It’s coming

Confirmation: the world truly is in the shit.

Still a little shocked. This confirmation came from Dr T himself. Wonder if depression had the better of him yesterday. Dr T was truly angry at NL’s pandemic measures, which were shunted aside when the actual vaccination rate in the country was only at 40%. He mentioned it a couple of times with the ‘what did they expect?’ mute question thrown in for good measure. There was also NO climate change denial. At all. In fact, Dr T said climate change is THE thing the world has to work on right now.

I got no ‘it’s not really that bad’. None of the ‘there are plenty of places that aren’t that way’. Absolutely none of ‘not every person is as bad as you think’. Just nods of agreement from Dr T as I voiced my lack of belief in humanity’s ability to really change anything.

Told him about my long term idea for some sort of environmental rating or accounting system. He thought my axioms and ideas were quite good. His actual words: You need to talk to someone about this. I just don’t know who, and he didn’t give me any hints.

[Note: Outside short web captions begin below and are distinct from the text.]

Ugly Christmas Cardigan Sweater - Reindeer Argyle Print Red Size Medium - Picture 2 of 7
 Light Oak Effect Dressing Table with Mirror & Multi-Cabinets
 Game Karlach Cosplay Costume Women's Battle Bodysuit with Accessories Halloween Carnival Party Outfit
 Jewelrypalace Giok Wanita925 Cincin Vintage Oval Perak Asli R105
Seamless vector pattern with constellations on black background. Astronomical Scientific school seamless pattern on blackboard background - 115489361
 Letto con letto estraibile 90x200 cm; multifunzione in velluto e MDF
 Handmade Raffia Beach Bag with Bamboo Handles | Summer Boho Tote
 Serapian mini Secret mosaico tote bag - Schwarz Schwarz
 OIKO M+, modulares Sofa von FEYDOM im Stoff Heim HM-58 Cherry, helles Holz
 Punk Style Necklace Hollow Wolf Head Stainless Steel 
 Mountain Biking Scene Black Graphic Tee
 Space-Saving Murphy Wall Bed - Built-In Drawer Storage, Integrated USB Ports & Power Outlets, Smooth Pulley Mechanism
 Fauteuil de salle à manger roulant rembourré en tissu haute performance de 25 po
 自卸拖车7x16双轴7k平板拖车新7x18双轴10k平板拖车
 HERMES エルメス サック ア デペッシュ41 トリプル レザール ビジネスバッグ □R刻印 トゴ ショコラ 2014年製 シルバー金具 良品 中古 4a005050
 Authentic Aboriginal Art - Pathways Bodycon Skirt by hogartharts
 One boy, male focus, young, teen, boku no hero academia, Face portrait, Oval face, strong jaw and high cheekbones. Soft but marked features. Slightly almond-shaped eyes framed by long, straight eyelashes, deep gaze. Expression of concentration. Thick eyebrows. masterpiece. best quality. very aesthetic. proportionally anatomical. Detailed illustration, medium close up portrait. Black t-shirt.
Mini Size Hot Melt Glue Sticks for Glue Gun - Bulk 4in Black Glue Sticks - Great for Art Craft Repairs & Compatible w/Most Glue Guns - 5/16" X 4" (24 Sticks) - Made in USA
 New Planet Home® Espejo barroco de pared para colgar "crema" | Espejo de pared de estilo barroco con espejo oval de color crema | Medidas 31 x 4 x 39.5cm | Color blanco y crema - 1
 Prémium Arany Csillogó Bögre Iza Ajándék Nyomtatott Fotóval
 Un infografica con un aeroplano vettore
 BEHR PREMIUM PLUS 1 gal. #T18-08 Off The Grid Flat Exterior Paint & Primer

He’s pretty sure I can get a job whenever I want. According to Dr T, my Dutch issue really shouldn’t hold me back. He talked as if I’ll get snapped up by some company as soon as I put myself out there. It’s just a matter of me doing that. I’m really hoping I find something here in R’dam. I’m too old to be commuting for an hour or more each way every damned day, but one of my searches yesterday showed me that 99% of listed accounting positions are in Amsterdam. Few pickings in Rotterdam. I’m hoping that’s not really accurate, that what I’m seeing are the top of the line positions, not the mid level grunts. I mean… Everyone needs accountants. Sad to say, but true. It’s one of those data input jobs that aren’t very thrilling so not many go into it.

I’m encouraged by his positive mind set that I have valuable skills needed by industry. I’m also encouraged by his thoughtful and slightly awed ‘You have some great ideas’ statement. That wasn’t nothing. That was something from a learned colleague, someone who has a real idea of the industry we were discussing, someone with an IQ above 100. I just wish he was the total answer man and could have said ‘write this up and send it to so and so’.

If I knew how to grow this idea of a rating or accounting system, I would. I’d take it and make it a career.

NL news: Ugh. I have to take the lead from Dr T on this; news outlets are still publishing conflicting statistics. Seems infection rates have levelled off in the 3000-4000 per day range. Hospitalisations are increasing, though every article on that downplays what’s going on. Some articles claim NL is still dark red on the European infection map, others say we’re fine. On the street, masks are lacking. Walked to my appointment yesterday and I was the only person wearing a mask out there. That just seems insane with the high transmission rate of the Delta variant. Feels like NL is waiting, just as I am. Waiting to see how bad things get in September with kids returning to school and most people indoors.

While I feel vindicated in many of my views, I’m not very happy to suddenly have Dr T agree with everything I say rather than trying to point out the positive side of things. Didn’t think about how that might feel. I just didn’t want his wall of denial. Well, I got that. No denial at all. Should have spent some time contemplating the downside.

Pfft. As usual, it’s up to me to change things. Set an agenda with concrete steps and just do it. Did I mention how much I hate that? So, so much.

Okay. Ten days. I’ll give myself ten days to actually get my CV out online to some of these employment sites. Even just one; the point is to take that first step. Pull up the CV, check it twice, find the right site and upload it. I’ll worry about things like appropriate clothes for an interview later. Now is not the time to take that on. Let’s see if I get any nibbles first.

O-o-o-o-oh! I so don’t know what the fuck I’m doing.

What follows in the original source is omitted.